Yargıtay 12. Ceza Dairesi, icra takibi için bir kişiyi telefonla 7 kez arayıp 9 mesaj gönderen avukata, “kişilerin huzur ve sükununu bozma” suçundan verilen adli para cezasını hukuka uygun bularak onadı. Bu karar, avukatların alacak tahsili için yaptıkları aramalarla ilgili önemli bir emsal teşkil ediyor.
Olayın Detayları
İstanbul’da görev yapan bir avukat, 2017 yılında bir borçluya, icra takibi ve haciz işlemleri için 3 aylık bir süre içinde toplamda 7 kez telefonla ulaşmış ve 9 kez mesaj göndermişti. İlgili kişi, bu yoğun iletişimin huzurunu bozduğunu belirterek şikayette bulundu.
Şikayet üzerine başlatılan soruşturma sonucunda, avukat hakkında Türk Ceza Kanunu’nun 123. maddesinde yer alan “kişilerin huzur ve sükununu bozma” suçundan dava açıldı. Bakırköy 20. Ağır Ceza Mahkemesi, avukata 2.250 lira adli para cezası verilmesine karar verdi. Karar, İstanbul Bölge Adliye Mahkemesi tarafından da onaylandı.
Avukatın İtirazı ve Yargıtay Kararı
Avukat, verilen cezaya itiraz ederek, benzer bir durumun yalnızca disiplin soruşturması kapsamında ele alınması gerektiğini, alacak tahsili için yapılan aramaların suç oluşturmayacağını ve yaptığı aramaların özel bir kastla gerçekleştirilmediğini savundu. Ancak, Yargıtay 12. Ceza Dairesi yaptığı inceleme sonucunda, avukatın mahkumiyet kararını hukuka uygun buldu ve cezayı onadı.

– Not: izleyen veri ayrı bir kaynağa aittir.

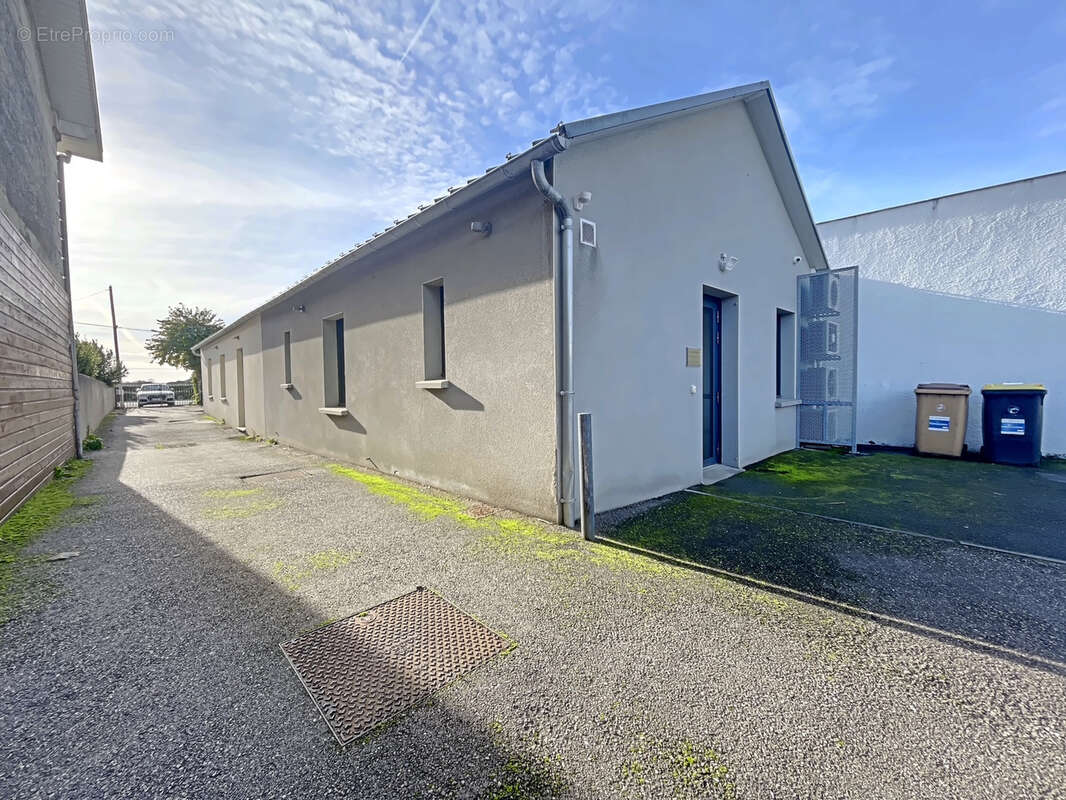 Commerce à LIBOURNE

Huzur Bozma Suçu ve Cezası
Yargıtay, avukatın alacak tahsili için yaptığı bu tür aramalar ve mesajların, karşı tarafın huzurunu bozarak “huzur ve sükununu bozma” suçunu oluşturduğunu vurguladı. Dairenin kararında, yargılama sürecinin kanuna uygun olduğu, suç vasfı ve yaptırımların doğru belirlendiği belirtilerek, mahkumiyet kararının hukuka aykırı olmadığı ifade edildi.
Emsal Niteliğinde Bir Karar
Bu karar, avukatların alacak tahsili amacıyla yaptığı iletişimlerin sınırlarını çizen önemli bir örnek teşkil ediyor. İcra takibi ve haciz işlemleri gibi durumlarda, borçlu tarafın huzurunu bozacak yoğun iletişimlerin cezai sonuçlar doğurabileceğini gösteriyor.